Les victimes sur lesquelles on se concentre à la fin, plus polémique, ce sont les soldats nazis faits prisonniers. Tous jeunes, frais et forts, mais d’ores et déjà condamnés. On suit pour un instant le point de vue de l’officier nazi qui a sauvé Szpliman. Il incarne la part humaine des nazis: en oppresseur, il a néanmoins sauvé un juif d’une part en ne le tuant pas, d’autre part en lui rendant son humanité lorsqu’il lui a demandé de jouer du piano. Chez Polanski, dans sa vie comme dans ses films, les bourreaux et les victimes se confondent souvent.

Retrouver l’humanité

Le processus de déshumanisation apparaît comme le plus flagrant et le plus évident avec Adrian Brody interprétant le personnage principal. C’est un artiste, un pianiste. Bel homme, à l’allure noble. Noblesse dans sa posture physique et morale. Doigts magiques qui dansent sur les touches du piano en faisant de lui un virtuose. Jeune homme élégant, qui flirte avec l’une de ses admiratrices, blonde et charmante. Moralement droit, il cherche à aider son prochain. Il se soucie du sort d’autrui. Il entre en résistance. Mais l’oppression est telle qu’il va profiter de la résistance pour fuir et se sauver en solitaire. Il erre dans les rues de Varsovie. Se cache, sale. Rampe, seul. Szpilman, c’est le beau pianiste qui devient rat. Animal auquel étaient comparés les juifs par les nazis et autres antisémites.

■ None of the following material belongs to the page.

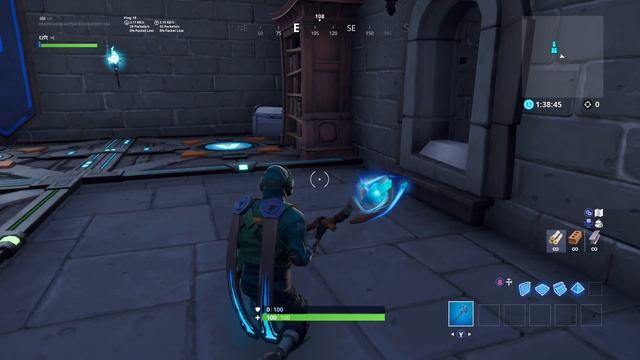 My friend trying to get through a window at 1,100 ping (Fortnite) смотреть онлайн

De ses griffes, le personnage recroquevillé sur lui-même, affamé et misérable s’accroche à une boîte de cornichons. Seule chose qui garde encore une valeur à ses yeux. Sa boîte, il l’entraîne avec lui dans son trou de grenier. Et il se retrouve face-à-face avec l’officier nazi. Il peine même à parler. La bête s’est emparée de lui. Est-il encore un homme? Ou un rongeur qui vit dans la survie? Lorsqu’il joue à nouveau du piano sous l’ordre de l’officier, l’image s’éclaircit par un faisceau de lumière qui envahit l’écran. Il retrouve une posture humaine. Le salut lui est venu de l’oppresseur. Paradoxe inhérent à la nature humaine. Le mal déshumanise ceux qui le subissent comme ceux qui l’infligent. Mais la sensibilité artistique et la compassion sauvent l’un et l’autre. A l’heure du transhumanisme, des eugénismes en tout genre, l’humanité n’a encore pas dit son dernier mot. Si à l’instar de Szpliman, l’homme a résisté à la barbarie nazie, il peut résister à tout. A condition qu’une petite lumière en son cœur lui rappelle qu’il est encore et toujours humain.